WORK TASK.
Please return only the lines from the one holding "lateral x-ray of a foot of a young man" through the one holding "Guanylate Binding Protein", exactly as they appear in the records below, both ends included.

RECORDS FOR THE EXERCISE.
○ ○ ○ ○ ○ ○ ○

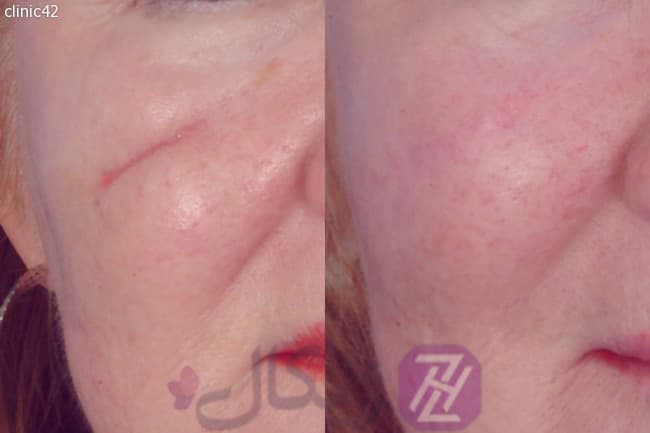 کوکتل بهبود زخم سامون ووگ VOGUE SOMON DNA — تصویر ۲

○ ○ ○ ○ ○ ○ ○

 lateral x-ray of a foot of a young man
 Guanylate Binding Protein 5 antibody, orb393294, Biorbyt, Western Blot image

○ ○ ○ ○ ○ ○ ○

TASK ANSWER.
 lateral x-ray of a foot of a young man
 Guanylate Binding Protein 5 antibody, orb393294, Biorbyt, Western Blot image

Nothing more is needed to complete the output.